- _WHAT TO PRODUCE_
The reply should hold only the lines from the one with "丸小ビーズで作る音符（八分音符）の作り方♪ How to" to the one with "Silver Sword Bracelet", both ends kept, exactly as they appear below, without any pictures.

- _MATERIAL FOR THE TASK_
--------------------

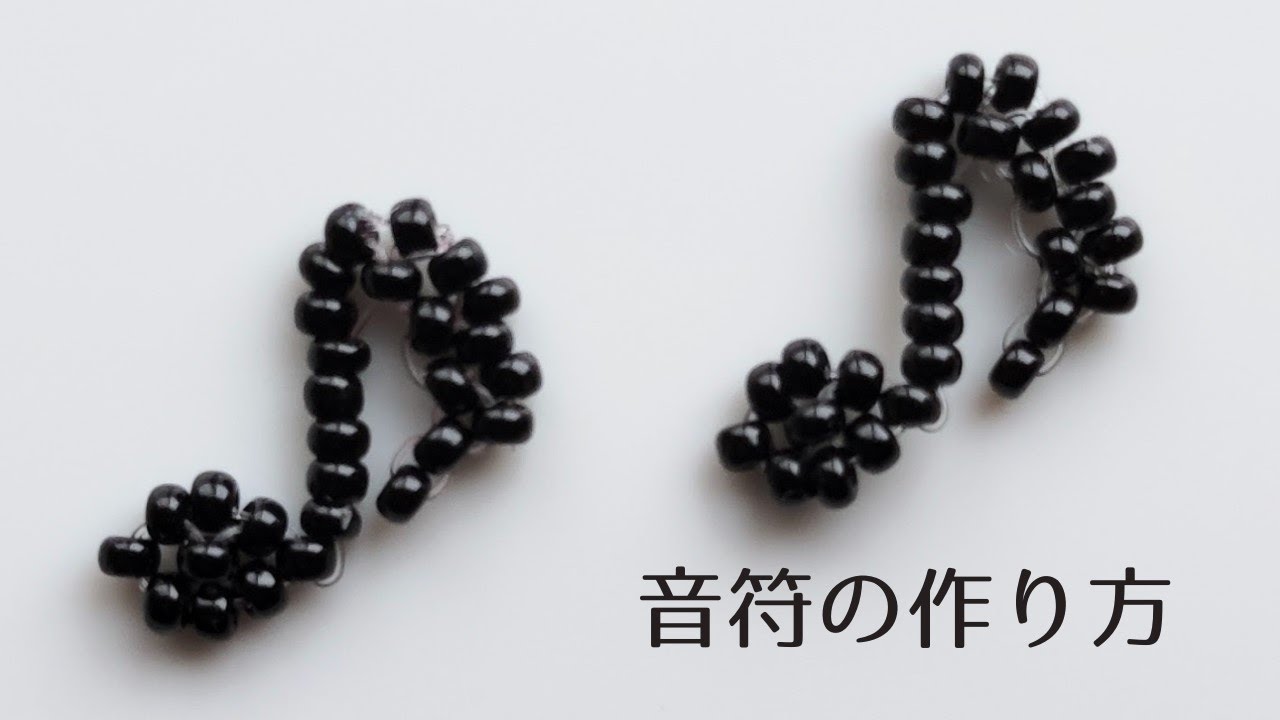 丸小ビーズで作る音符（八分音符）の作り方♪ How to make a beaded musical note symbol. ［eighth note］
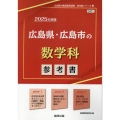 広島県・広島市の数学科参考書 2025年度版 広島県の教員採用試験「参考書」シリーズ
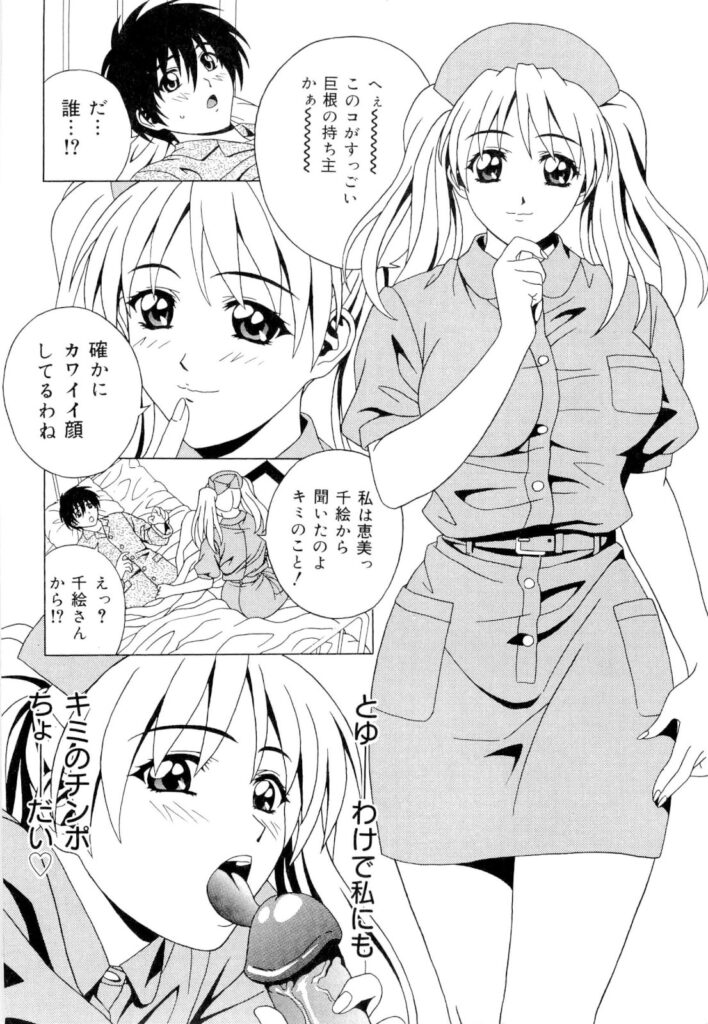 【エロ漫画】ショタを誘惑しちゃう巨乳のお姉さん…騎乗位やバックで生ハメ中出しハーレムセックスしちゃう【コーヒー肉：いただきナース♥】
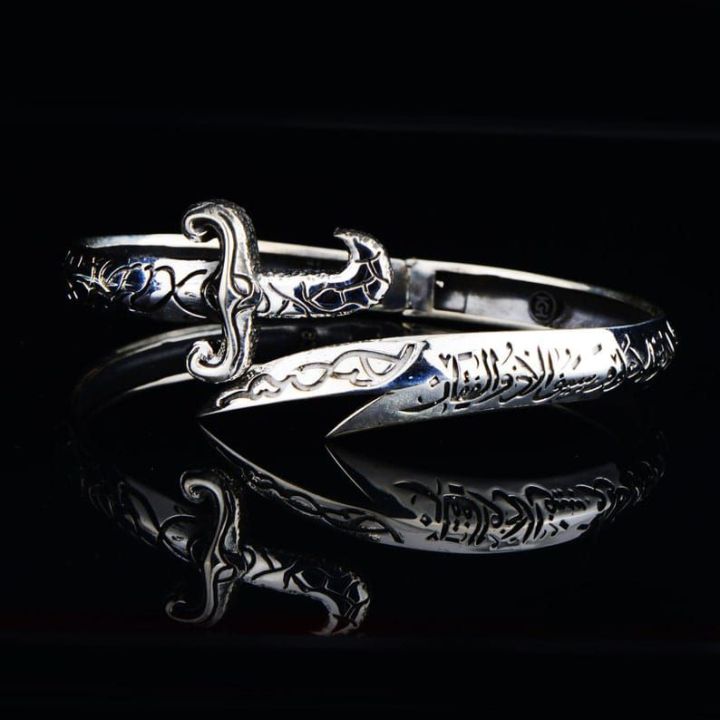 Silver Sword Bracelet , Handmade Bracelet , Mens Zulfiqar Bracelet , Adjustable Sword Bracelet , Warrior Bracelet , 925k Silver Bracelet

--------------------

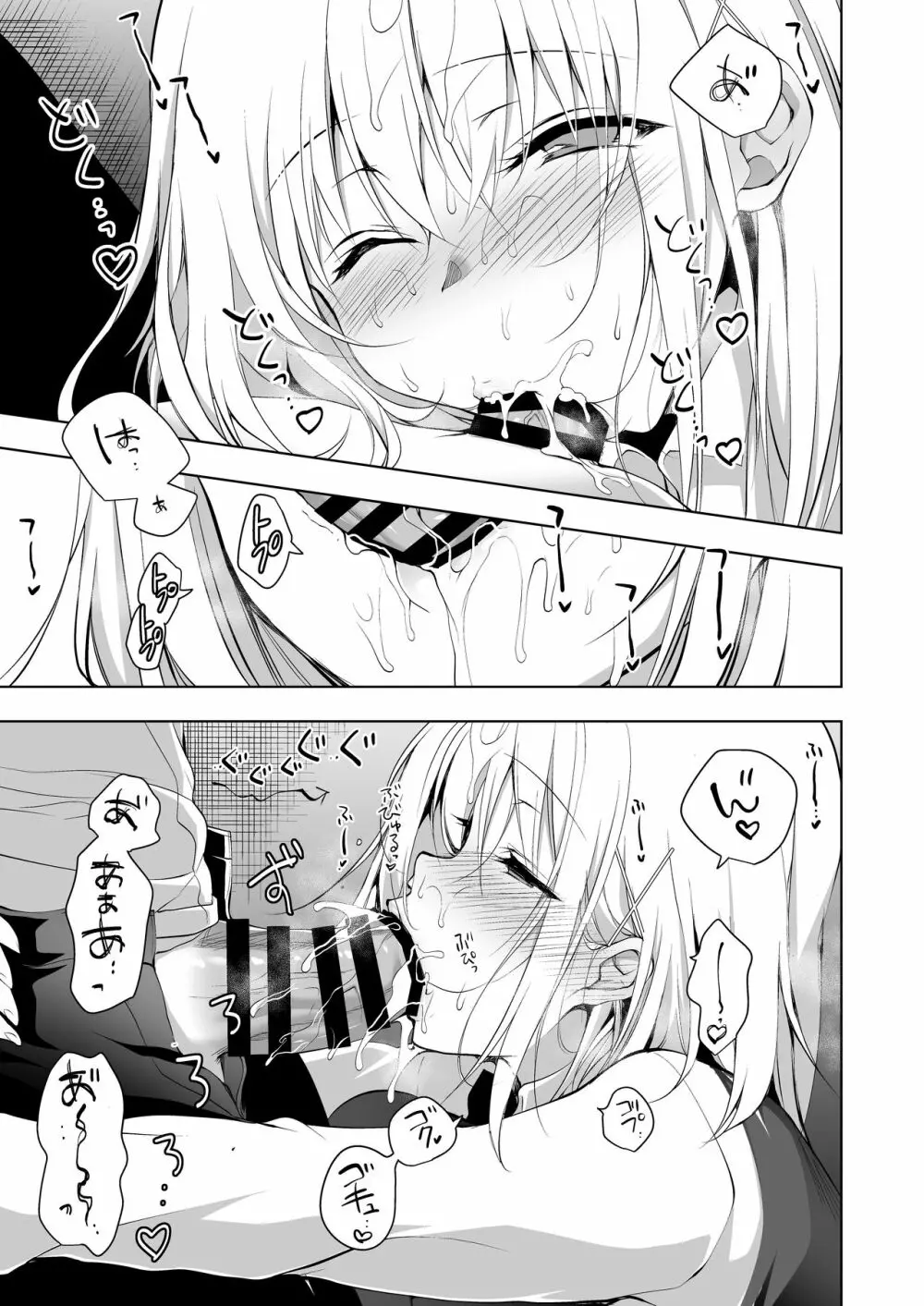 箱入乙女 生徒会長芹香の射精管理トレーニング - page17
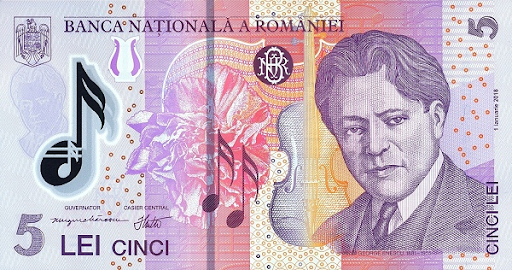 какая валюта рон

--------------------

- _RESPONSE TO THE EXERCISE_
 丸小ビーズで作る音符（八分音符）の作り方♪ How to make a beaded musical note symbol. ［eighth note］
 広島県・広島市の数学科参考書 2025年度版 広島県の教員採用試験「参考書」シリーズ
 【エロ漫画】ショタを誘惑しちゃう巨乳のお姉さん…騎乗位やバックで生ハメ中出しハーレムセックスしちゃう【コーヒー肉：いただきナース♥】
 Silver Sword Bracelet , Handmade Bracelet , Mens Zulfiqar Bracelet , Adjustable Sword Bracelet , Warrior Bracelet , 925k Silver Bracelet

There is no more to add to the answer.